Zika was first declared a “Public Health Emergency” last February when the virus began appearing in clusters, particularly in Brazil as the country was in the midst of preparing for the Summer Olympics. It was not long, however, that the mosquito-borne disease began to rapidly spread throughout more than 30 nations in the Americas and Caribbean, where thousands of cases of birth defects caused by Zika have since been reported. In fact, more than 2100 incidents of babies being born with nervous system defect to have been reported in Brazil alone.
Zika is most commonly linked to microcephaly (abnormally small head size and brain damage) in newborns after their mothers were infected during pregnancy. Zika has also been found to cause Guilain-Barre syndrome, a condition resulting in temporary paralysis in older patients.
This is not to say, however, that everyone infected will become sick. Many people don’t exhibit any symptoms. In fact, when they do occur many symptoms may resemble dengue fever including fever, red eyes, joint pain, headache, and a maculopapular rash, which last less than a week.
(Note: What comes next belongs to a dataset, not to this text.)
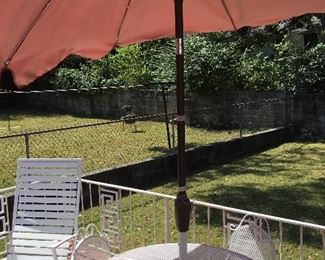 Patio outside den - vintage metal patio table with 4 chairs and umbrella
Diagnosis is by testing the blood, urine, or saliva for the presence of Zika virus RNA when the person is sick.
The virus was first isolated in a rhesus macaque near Lake Victoria in Uganda back in 1947. However, it was not detected in humans in the region until 1952. From then on Zika was reported in other African countries including Nigeria, the Central African Republic, Egypt, Gabon, Sierra Leone, and Tanzania, as well as in parts of Asia such as India, Pakistan. Indonesia, Malaysia, the Philippines, Vietnam, and Thailand. It should be noted that there were only 14 confirmed human cases of Zika infection from Africa and Southeast Asia reported between its discovery and 2007.
WHO went on to report that while there have been a variety of effective vaccines to fight various mosquito-borne diseases, including yellow fever, Japanese encephalitis, and tick-borne encephalitis, since the 1930s, as well as a vaccine against dengue fever since the mid-2010s, there is no such preventative against Zika at this time. Meanwhile, they have set a priority to develop inactivated vaccines and other non-live vaccines, which are safe to for pregnant women and those of childbearing age as quickly as possible.
In addition, the agency reports continuing research to develop a vaccine against and treatment for the Ebola virus, which has devastated much of West Africa since 2014. Although unrelated, both Zika and Ebola have been found to be transmitted through intercourse and the exchange of bodily fluids, including blood transfusions from infected patients.